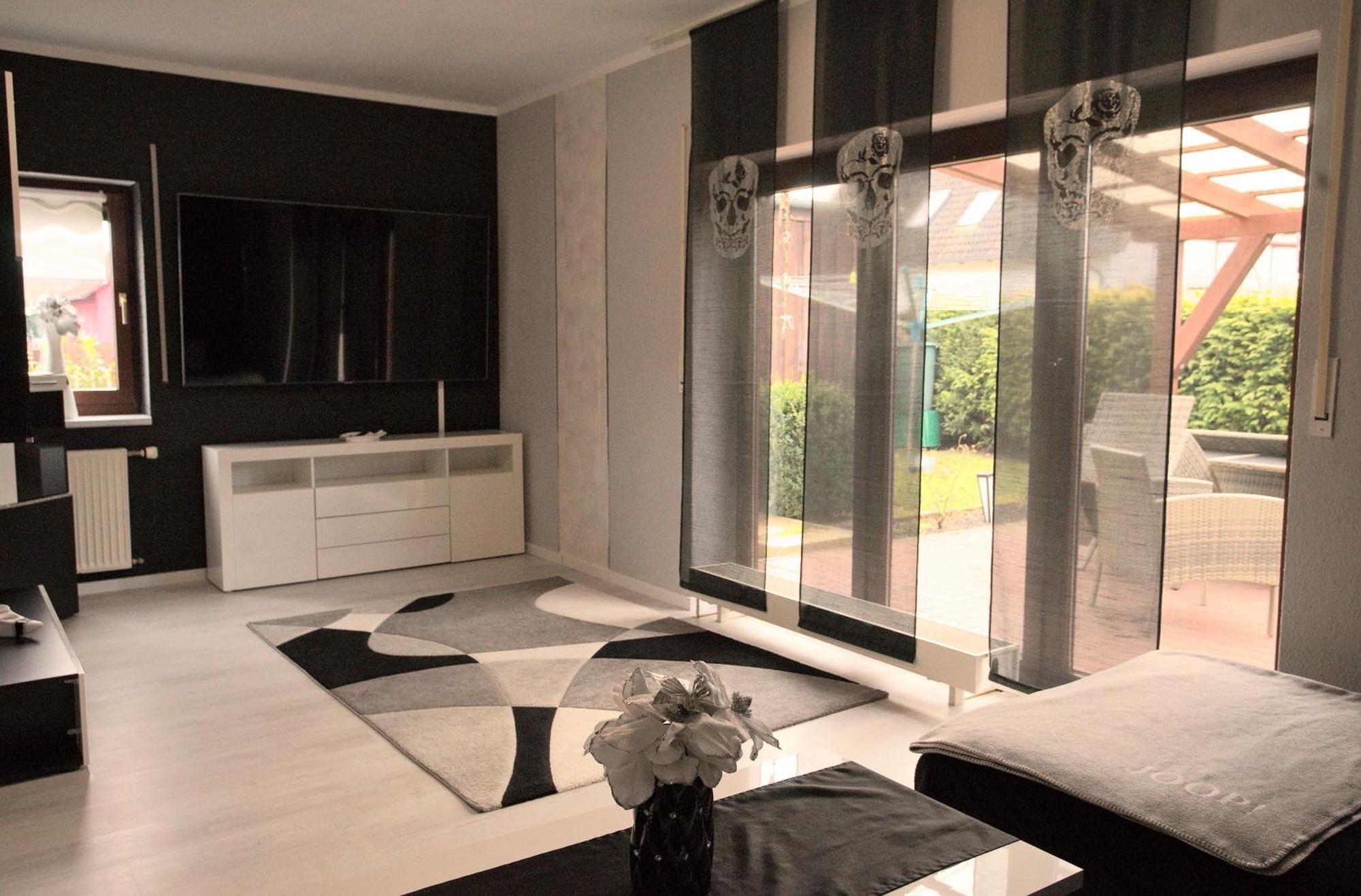 Zum Kaeutzchen 120qm 8 Personen 4 Schlafzimmer Apartment *
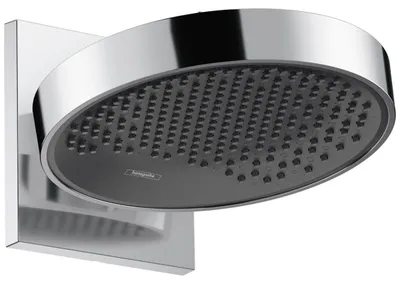 Zdjęcie produktu dla HG Kopfbrause Rainfinity 250 1jet Wandmontage chrom
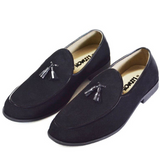 Adzon Casual Loafers for Men 40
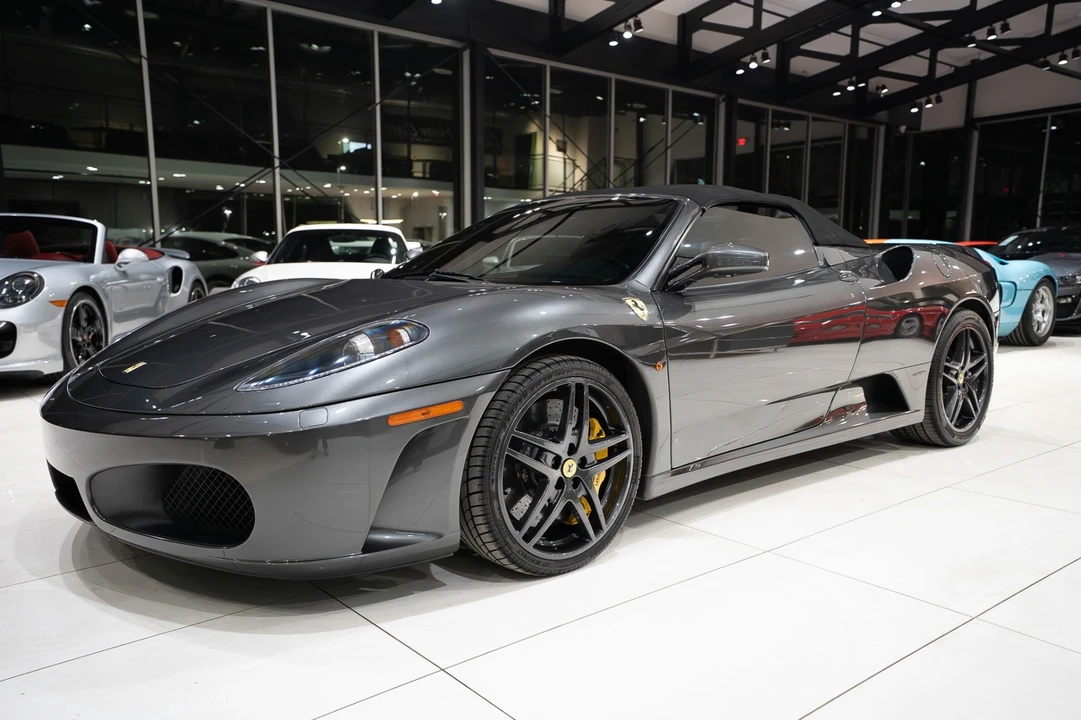 2008 Ferrari F430 Berlinetta - Image 31 of 31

○ ○ ○ ○ ○ ○ ○

Problem statement:
Set the preceding data down again word for word, omitting images.

Answer box:
 Zum Kaeutzchen 120qm 8 Personen 4 Schlafzimmer Apartment *
 Zdjęcie produktu dla HG Kopfbrause Rainfinity 250 1jet Wandmontage chrom
 Adzon Casual Loafers for Men 40
 2008 Ferrari F430 Berlinetta - Image 31 of 31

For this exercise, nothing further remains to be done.